The addition of the United States Medical Licensing Examination (USMLE) Step 2 Clinical Skills (CS) examination to the medical licensure sequence provides the opportunity for standardized assessment of a physician’s history and physical examination skills, ability to document findings, communication and interpersonal skills, and spoken English proficiency.1 Although this addition has the potential to increase the credibility of the licensing process, any new test raises questions about how its scores correlate internally and how they correlate with related measurements.
Taylor and colleagues2 studied the relationship between the performance of 256 students on a prototype of Step 2 CS and program directors’ ratings of their performance as interns. They reported correlations of 0.19 between checklist scores on the prototype and the ratings of their clinical ability as interns and 0.26 between interpersonal scores on the prototype and ratings of interpersonal skills. Harik and colleagues3 provided early information about the correlations among the components of Step 2 CS and their correlations with total scores on Step 1 and Step 2 Clinical Knowledge (CK). They reported correlations within Step 2 CS ranging from a high of 0.48 between Data Gathering and Documentation scores to a low of 0.05 between Data Gathering and Spoken English Proficiency. The correlation between the Step 2 CK score and the components of the Step 2 CS examination ranged from 0.39 for Documentation to 0.14 for Spoken English Proficiency. These modest correlations suggest that the subtests of the Clinical Skills examination measure independent proficiencies, all of which are substantially different than that measured by the multiple-choice Step 2 CK examination.
A question that follows logically from these studies is how performance on Step 2 CS relates to performance on the clinical skills examinations administered in medical schools. Many schools have a long history of experience with formal assessments of clinical skills using standardized patients. A vast majority have now implemented skills assessments.4,5 One would expect a positive correlation between local and national assessments if their goals were similar. Furthermore, if a school’s examination were intended to gauge its students’ readiness for high-stakes assessment, then a high correlation or consistent classification across the two assessments would be very desirable. A very high correlation might also be interpreted to mean that Step 2 CS is redundant with assessment already occurring in a school. On the other hand, if the purpose of the school’s assessment were to measure its own unique curricular goals, a low correlation might not be surprising. Nevertheless, to the extent that the school-based and national assessments were intended to measure similar proficiencies, negligible correlations would call into question the empirical validity of the scores for either or both assessments.4
Consistent with these concerns, the purpose of this study was to examine the relationship between students’ performance on a medical school’s third-year Objective Structured Clinical Skills Examination (OSCE) and Step 2 CS. We expected positive relationships because of similarities in the structure and content of the two tests.

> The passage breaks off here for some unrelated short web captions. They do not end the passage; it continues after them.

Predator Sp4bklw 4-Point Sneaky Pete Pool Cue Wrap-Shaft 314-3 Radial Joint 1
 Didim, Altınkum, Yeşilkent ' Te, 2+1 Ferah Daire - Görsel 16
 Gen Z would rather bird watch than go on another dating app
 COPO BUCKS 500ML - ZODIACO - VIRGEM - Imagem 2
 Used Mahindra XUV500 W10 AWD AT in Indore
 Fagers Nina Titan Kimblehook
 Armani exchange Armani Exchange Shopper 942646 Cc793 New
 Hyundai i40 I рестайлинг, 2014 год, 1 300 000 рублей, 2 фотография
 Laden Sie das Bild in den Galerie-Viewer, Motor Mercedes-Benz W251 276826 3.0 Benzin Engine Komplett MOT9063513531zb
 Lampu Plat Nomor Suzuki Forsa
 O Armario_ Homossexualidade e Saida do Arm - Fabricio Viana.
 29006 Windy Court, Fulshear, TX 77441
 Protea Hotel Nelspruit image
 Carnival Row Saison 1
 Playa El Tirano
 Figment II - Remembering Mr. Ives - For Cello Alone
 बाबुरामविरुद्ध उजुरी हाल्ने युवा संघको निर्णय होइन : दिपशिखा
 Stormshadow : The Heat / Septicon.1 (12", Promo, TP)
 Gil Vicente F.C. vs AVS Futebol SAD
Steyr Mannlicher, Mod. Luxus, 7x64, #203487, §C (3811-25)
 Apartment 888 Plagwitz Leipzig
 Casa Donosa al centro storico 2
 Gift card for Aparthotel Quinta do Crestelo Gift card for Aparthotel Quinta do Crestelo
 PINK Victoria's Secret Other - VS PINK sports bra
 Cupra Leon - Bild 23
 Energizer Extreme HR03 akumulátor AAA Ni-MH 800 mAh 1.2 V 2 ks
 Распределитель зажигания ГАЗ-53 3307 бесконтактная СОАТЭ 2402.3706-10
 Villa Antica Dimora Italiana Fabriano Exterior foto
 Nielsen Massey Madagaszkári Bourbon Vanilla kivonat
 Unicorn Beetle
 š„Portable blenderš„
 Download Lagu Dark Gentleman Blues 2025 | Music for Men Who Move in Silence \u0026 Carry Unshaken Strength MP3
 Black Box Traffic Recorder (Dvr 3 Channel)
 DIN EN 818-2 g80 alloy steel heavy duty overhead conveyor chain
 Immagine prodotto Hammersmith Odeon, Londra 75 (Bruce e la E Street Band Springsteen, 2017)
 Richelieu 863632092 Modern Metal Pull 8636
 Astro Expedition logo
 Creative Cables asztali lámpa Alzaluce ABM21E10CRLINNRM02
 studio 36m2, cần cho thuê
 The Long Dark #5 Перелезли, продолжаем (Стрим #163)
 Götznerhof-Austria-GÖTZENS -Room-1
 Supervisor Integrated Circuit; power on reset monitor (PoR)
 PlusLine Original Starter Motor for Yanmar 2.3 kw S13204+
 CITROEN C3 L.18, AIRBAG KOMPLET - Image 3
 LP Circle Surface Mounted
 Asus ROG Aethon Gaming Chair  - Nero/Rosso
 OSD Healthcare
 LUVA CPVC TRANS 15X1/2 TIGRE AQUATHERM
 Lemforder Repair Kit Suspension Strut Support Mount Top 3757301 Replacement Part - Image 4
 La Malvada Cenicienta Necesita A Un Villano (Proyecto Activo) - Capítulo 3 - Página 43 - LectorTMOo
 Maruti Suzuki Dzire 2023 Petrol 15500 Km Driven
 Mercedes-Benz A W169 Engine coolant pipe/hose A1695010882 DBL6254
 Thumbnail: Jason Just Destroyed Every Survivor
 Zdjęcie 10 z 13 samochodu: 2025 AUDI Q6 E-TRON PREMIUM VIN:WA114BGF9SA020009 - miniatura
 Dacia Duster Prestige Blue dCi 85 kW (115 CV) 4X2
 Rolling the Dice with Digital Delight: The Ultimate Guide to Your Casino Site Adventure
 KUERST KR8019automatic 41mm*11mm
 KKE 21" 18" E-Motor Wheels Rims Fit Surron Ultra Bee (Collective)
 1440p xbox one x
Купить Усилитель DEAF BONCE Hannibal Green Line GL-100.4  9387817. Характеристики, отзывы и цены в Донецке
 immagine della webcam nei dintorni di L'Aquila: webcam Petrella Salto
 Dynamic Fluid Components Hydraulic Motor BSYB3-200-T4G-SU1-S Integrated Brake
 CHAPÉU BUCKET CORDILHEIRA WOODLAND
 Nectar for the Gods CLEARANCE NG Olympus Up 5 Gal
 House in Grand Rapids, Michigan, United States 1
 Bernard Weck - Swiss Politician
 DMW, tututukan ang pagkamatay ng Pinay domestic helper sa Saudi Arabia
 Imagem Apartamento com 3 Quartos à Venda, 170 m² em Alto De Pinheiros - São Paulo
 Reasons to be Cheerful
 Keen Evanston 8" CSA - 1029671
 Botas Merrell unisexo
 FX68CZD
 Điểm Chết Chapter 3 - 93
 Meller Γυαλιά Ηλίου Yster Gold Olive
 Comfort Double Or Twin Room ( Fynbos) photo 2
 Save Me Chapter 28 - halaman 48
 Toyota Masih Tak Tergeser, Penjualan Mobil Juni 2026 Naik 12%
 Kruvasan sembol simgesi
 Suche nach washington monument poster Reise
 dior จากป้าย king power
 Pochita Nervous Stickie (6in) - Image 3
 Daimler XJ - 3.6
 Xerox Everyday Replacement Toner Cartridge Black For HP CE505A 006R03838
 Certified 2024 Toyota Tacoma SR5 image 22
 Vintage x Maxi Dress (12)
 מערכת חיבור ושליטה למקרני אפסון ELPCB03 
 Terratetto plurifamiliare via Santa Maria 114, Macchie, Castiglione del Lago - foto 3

The university’s institutional review board determined that this study of existing data was exempt from review related to human subject protection.
The sample included 217 students who completed Step 2 CS within 12 months after completing the OSCE at the end of their third year of medical school. Their mean age was 26.8 years. They included a balance of men (53%) and women (47%). Their mean scores on Step 1 and Step 2 CK were 221 and 229, respectively, which are close to the mean scores for U.S. medical schools.
The procedures used to administer Step 2 CS have been described previously.1,6 Examinees have 15 minutes to interact with each of 12 standardized patients. They are instructed to take a focused history based on the reason for the visit and, in most encounters, are also instructed to perform a focused physical examination. After each encounter, they are allowed 10 minutes to summarize their findings in a postencounter note. The patient completes a checklist after the encounter to document history questions asked and physical examination maneuvers performed. The patient also completes rating scales to evaluate the examinee’s communication and interpersonal skills and the examinee’s spoken English proficiency. The postencounter notes are scored by trained physicians.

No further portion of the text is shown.